Run this command to dump the output.  Not recommended.

In [None]:
more tweets.jsonl

Set displayMaxRows to None (displayMaxRows = None) to show all rows or use a number, like 10, to limit ouput (displayMaxRows = 10)

In [None]:
displayMaxRows = 10

Parse tweets into a Pandas data set

* Set maxResults to None if you want all tweets or limit by setting a number
* Set since to None for all dates or use YYYY-MM-DD format to get all tweets since that date

In [None]:
maxResults = 100
since = None
twitterUser = "SeeFunnyVideo"

In [None]:
import json
import pandas

temp = []

if maxResults is None:
    maxResultsParam = ""
else:
    maxResultsParam = f"--max-results {maxResults}"
    
if since is None:
    sinceParam = ""
else:
    sinceParam = f"--since {since}"
    
print(f"Running: snscrape {maxResultsParam} --jsonl {sinceParam} twitter-user {twitterUser}")
print("This can take awhile. The status bar at the bottom of the screen will say Busy until this is done.")

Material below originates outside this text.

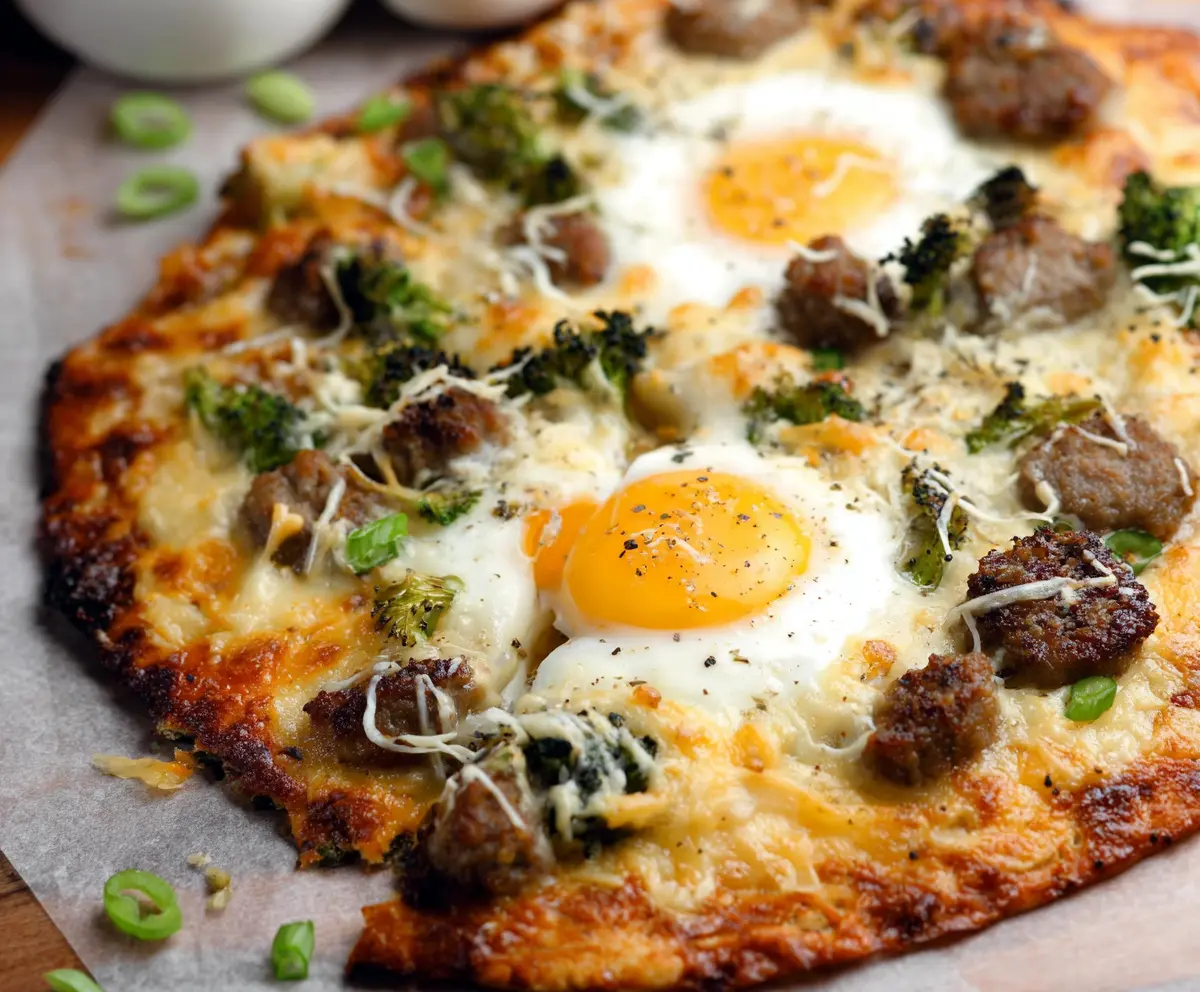 High Protein Sausage & Egg Breakfast Pizza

results  = !snscrape {maxResultsParam} --jsonl {sinceParam} twitter-user {twitterUser}

print("Done scraping Twitter")

for json_str in results:
    result = json.loads(json_str)
    
    isVideo = False
    isImage = False
    mediaType = "None"
    views = 0
    media = result["media"]
    if (media is None) == False and len(media) > 0:
        if media[0]["_type"] == "snscrape.modules.twitter.Photo":
            isImage = True
            mediaType = "Image"
        elif media[0]["_type"] == "snscrape.modules.twitter.Video":
            isVideo = True
            mediaType = "Video"
            views = media[0]["views"]
        
    record = {
        "tweetId": result["id"],
        "tweetDate": result["date"],
        "replies": result["replyCount"],
        "retweets": result["retweetCount"],
        "likes": result["likeCount"],
        "quotes": result["quoteCount"],
        "source": result["sourceLabel"],
        "isVideo": isVideo,
        "isImage": isImage,
        "videoViews": views,
        "mediaType": mediaType
    }
    
    temp.append(record)

output = pandas.DataFrame(temp)

with pandas.option_context('display.max_rows', displayMaxRows,):
    display(output)

Prepare the dataset for the scatter plot

In [None]:
output['tweetDate'] = pandas.to_datetime(output['tweetDate'])
output = output.groupby(['mediaType', pandas.Grouper(key='tweetDate', freq='W-MON')])['retweets'].sum().reset_index().sort_values('tweetDate')
with pandas.option_context('display.max_rows', displayMaxRows,):
    display(output)

Basic scatter plot

In [None]:
import seaborn
import matplotlib.pyplot as plt
 
seaborn.set(style='whitegrid')
plt.figure(figsize=(20, 5))
 
scatter = seaborn.scatterplot(x="tweetDate", y="retweets", hue = "mediaType", data=output)
plt.legend(loc='upper right', bbox_to_anchor=(1.2, 1))

Scatter plt with log scale on Y

In [None]:
import seaborn
import matplotlib.pyplot as plt
 
seaborn.set(style='whitegrid')
plt.figure(figsize=(20, 5))
 
scatter = seaborn.scatterplot(x="tweetDate", y="retweets", hue = "mediaType", data=output)
scatter.set(yscale='log')
plt.legend(loc='upper right', bbox_to_anchor=(1.2, 1))